» WHAT THIS TASK INVOLVES
Copy each line, word for word, from the one with "Holiday Home Nerja" through the final line of the listing, but skip the pictures.

(COLLECTED MATERIAL begins)

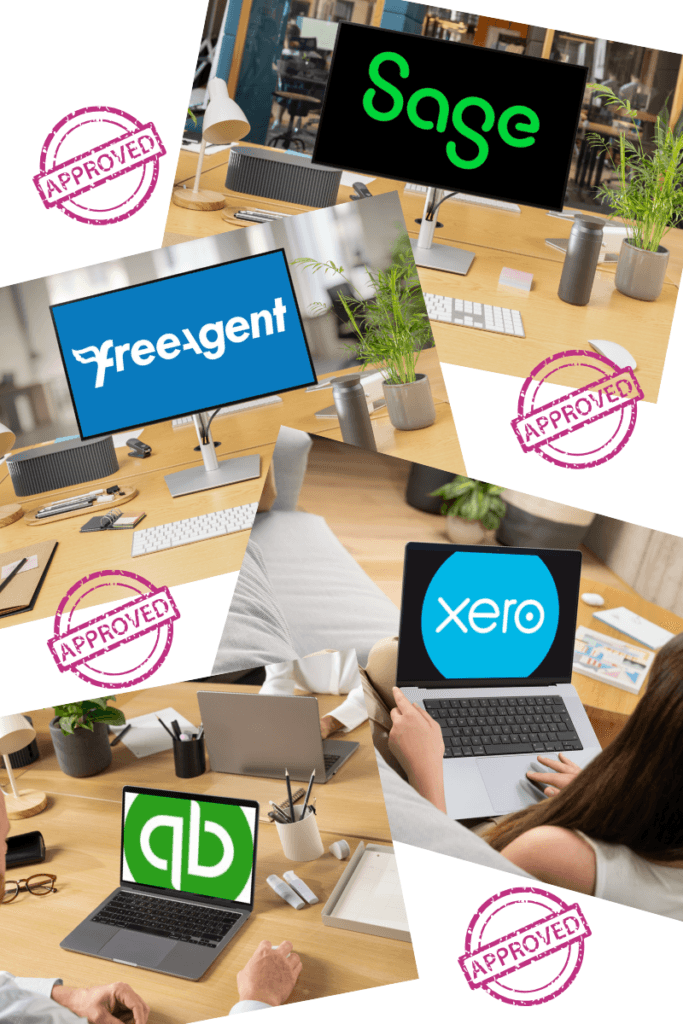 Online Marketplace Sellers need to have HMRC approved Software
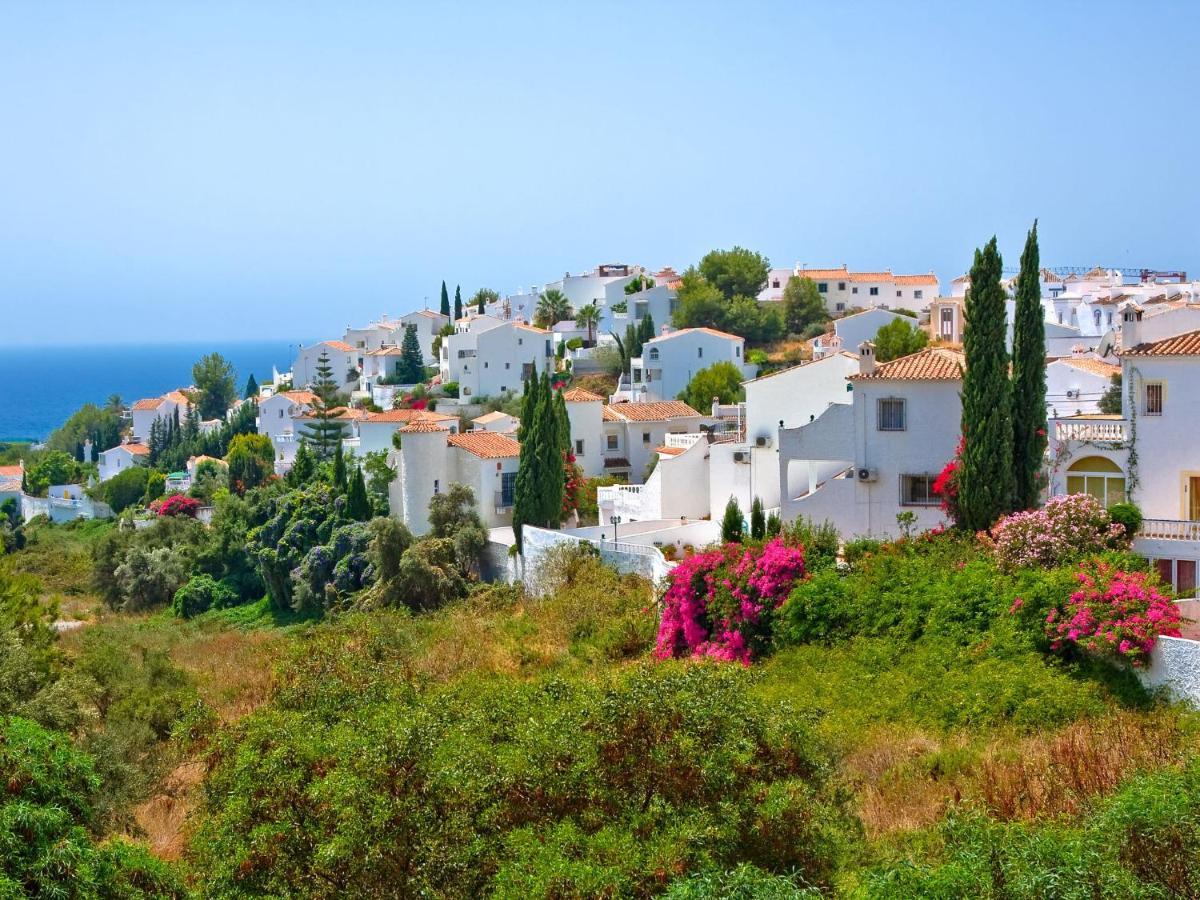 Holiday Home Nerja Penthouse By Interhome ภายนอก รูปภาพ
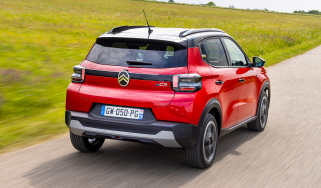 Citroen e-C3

(COLLECTED MATERIAL ends)

» TASK SOLUTION
 Holiday Home Nerja Penthouse By Interhome ภายนอก รูปภาพ
 Citroen e-C3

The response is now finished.